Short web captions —
────────

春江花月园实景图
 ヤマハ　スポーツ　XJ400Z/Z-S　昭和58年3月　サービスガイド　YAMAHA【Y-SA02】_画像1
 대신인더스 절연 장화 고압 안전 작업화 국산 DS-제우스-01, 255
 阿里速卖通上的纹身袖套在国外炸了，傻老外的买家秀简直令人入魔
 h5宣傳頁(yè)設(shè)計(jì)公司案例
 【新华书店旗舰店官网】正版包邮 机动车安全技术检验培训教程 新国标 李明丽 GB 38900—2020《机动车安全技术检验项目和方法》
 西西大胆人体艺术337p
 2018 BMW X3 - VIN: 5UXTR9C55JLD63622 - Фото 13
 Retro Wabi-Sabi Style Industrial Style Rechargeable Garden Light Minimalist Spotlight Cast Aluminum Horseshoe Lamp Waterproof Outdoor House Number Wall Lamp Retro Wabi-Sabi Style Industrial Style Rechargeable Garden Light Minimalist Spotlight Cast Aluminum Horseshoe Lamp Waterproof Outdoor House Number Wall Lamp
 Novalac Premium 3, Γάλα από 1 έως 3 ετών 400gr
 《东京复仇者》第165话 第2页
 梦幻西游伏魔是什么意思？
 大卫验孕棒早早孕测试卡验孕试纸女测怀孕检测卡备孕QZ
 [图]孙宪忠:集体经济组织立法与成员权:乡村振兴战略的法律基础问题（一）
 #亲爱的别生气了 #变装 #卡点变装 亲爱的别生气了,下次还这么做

────────

Your instructions —
Reply by returning the full set of records above exactly.

Result —
春江花月园实景图
 ヤマハ　スポーツ　XJ400Z/Z-S　昭和58年3月　サービスガイド　YAMAHA【Y-SA02】_画像1
 대신인더스 절연 장화 고압 안전 작업화 국산 DS-제우스-01, 255
 阿里速卖通上的纹身袖套在国外炸了，傻老外的买家秀简直令人入魔
 h5宣傳頁(yè)設(shè)計(jì)公司案例
 【新华书店旗舰店官网】正版包邮 机动车安全技术检验培训教程 新国标 李明丽 GB 38900—2020《机动车安全技术检验项目和方法》
 西西大胆人体艺术337p
 2018 BMW X3 - VIN: 5UXTR9C55JLD63622 - Фото 13
 Retro Wabi-Sabi Style Industrial Style Rechargeable Garden Light Minimalist Spotlight Cast Aluminum Horseshoe Lamp Waterproof Outdoor House Number Wall Lamp Retro Wabi-Sabi Style Industrial Style Rechargeable Garden Light Minimalist Spotlight Cast Aluminum Horseshoe Lamp Waterproof Outdoor House Number Wall Lamp
 Novalac Premium 3, Γάλα από 1 έως 3 ετών 400gr
 《东京复仇者》第165话 第2页
 梦幻西游伏魔是什么意思？
 大卫验孕棒早早孕测试卡验孕试纸女测怀孕检测卡备孕QZ
 [图]孙宪忠:集体经济组织立法与成员权:乡村振兴战略的法律基础问题（一）
 #亲爱的别生气了 #变装 #卡点变装 亲爱的别生气了,下次还这么做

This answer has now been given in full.